Continuer à écrire les signes des disciples du Christ
« L’Évangile est le livre de la miséricorde de Dieu, à lire et à relire, parce que tout ce que Jésus a dit et accompli est une expression de la miséricorde du Père », souligna le pape dimanche, ajoutant que « toutefois, tout n’a pas été écrit ; l’Évangile de la miséricorde demeure un livre ouvert, où continuer à écrire les signes des disciples du Christ, gestes concrets d’amour, qui sont le meilleur témoignage de la miséricorde ».
Il nous a encouragé à mettre en pratique les œuvres de miséricorde corporelles et spirituelles, qui sont « le style de vie du chrétien ». « Par ces gestes simples et forts, parfois même invisibles, nous pouvons visiter tous ceux qui sont dans le besoin, portant la tendresse et la consolation de Dieu.

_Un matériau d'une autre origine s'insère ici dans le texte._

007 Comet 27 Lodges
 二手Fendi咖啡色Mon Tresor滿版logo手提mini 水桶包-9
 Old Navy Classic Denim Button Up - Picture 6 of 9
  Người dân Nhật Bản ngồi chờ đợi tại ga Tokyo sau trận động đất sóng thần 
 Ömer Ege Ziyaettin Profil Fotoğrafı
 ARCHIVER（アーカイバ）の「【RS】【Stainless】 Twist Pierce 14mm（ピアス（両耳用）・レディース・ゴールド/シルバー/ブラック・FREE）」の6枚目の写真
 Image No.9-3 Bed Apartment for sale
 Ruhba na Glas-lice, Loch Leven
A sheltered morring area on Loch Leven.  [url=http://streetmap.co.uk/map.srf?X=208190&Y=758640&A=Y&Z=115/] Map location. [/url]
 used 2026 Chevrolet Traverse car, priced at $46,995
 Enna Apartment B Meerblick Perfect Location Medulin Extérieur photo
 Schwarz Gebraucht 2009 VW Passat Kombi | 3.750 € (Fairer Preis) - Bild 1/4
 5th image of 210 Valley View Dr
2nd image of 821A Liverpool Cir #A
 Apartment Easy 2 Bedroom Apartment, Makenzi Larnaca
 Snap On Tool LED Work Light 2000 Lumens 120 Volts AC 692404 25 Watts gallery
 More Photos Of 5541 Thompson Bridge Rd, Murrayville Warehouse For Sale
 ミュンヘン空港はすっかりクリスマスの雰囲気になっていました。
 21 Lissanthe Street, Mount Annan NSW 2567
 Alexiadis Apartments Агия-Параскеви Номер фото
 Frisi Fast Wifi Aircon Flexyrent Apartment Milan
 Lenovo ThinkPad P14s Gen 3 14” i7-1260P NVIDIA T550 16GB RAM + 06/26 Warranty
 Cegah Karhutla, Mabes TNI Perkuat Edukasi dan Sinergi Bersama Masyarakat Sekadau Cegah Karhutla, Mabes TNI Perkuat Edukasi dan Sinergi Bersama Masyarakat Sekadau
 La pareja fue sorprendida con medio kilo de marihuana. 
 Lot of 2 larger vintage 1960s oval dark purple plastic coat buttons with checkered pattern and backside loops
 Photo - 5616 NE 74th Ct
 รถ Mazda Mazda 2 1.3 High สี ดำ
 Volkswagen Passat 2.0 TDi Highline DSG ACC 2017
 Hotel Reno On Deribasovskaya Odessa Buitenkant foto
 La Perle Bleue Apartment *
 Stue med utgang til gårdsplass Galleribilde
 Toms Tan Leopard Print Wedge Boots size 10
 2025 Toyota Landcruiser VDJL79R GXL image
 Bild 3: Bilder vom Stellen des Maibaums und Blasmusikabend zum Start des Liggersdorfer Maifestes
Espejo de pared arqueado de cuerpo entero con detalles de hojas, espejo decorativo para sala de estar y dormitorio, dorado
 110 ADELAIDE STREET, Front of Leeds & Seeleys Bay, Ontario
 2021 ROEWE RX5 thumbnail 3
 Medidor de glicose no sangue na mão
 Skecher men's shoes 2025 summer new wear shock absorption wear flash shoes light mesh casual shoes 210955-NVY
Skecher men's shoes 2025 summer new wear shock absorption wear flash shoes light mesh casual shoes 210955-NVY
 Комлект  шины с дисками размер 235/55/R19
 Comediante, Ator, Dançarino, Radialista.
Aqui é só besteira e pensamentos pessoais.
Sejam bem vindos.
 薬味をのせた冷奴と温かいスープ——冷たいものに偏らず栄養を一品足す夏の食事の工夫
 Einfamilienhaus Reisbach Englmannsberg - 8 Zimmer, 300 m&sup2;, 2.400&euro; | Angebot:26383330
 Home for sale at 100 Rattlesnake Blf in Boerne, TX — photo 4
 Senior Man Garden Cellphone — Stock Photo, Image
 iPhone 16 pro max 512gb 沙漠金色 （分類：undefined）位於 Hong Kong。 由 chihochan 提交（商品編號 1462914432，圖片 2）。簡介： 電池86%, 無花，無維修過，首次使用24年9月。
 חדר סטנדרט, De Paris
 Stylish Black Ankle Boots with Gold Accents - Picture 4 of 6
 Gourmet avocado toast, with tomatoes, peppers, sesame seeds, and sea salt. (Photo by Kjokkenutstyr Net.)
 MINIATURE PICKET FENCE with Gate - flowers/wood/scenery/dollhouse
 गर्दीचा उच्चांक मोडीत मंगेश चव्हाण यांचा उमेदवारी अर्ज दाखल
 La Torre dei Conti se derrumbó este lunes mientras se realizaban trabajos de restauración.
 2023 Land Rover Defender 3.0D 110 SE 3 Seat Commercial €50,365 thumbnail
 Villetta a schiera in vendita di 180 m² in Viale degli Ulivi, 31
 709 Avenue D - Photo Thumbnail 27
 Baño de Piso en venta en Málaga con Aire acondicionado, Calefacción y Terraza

On poursuit ainsi ce que Jésus a accompli le jour de Pâques, quand il a répandu dans les cœurs des disciples effrayés la miséricorde du Père, soufflant sur eux l’Esprit Saint qui pardonne les péchés et donne la joie ».
Pour François, être apôtres de miséricorde signifie donc toucher et caresser les plaies du Christ, présentes aussi aujourd’hui dans le corps et dans l’âme de tant de ses frères et sœurs. « En soignant ces plaies nous professons Jésus, nous le rendons présent et vivant ; nous permettons à d’autres, de toucher de la main sa miséricorde, de le reconnaître « Seigneur et Dieu », comme fit l’apôtre Thomas », nous a répété le Saint-Père en ce dimanche de la Miséricorde.
« Demandons la grâce de ne jamais nous fatiguer de puiser la miséricorde du Père et de la porter dans le monde : demandons d’être nous-mêmes miséricordieux, pour répandre partout la force de l’Évangile, pour écrire ces pages de l’Évangile que l’apôtre Jean n’a pas écrites ».
En écoutant ces paroles si profondes je repensais à la Semaine Sainte que je viens de vivre à Lourdes, et à ma longue contemplation de la source qui coule au fond de la grotte de Massabielle, symbole discret de la miséricorde de Dieu qui se révèle en Jésus, manifestation de l’amour du Père qui ne nous manque jamais, car « son amour est pour toujours » (psaume 117/118, 2).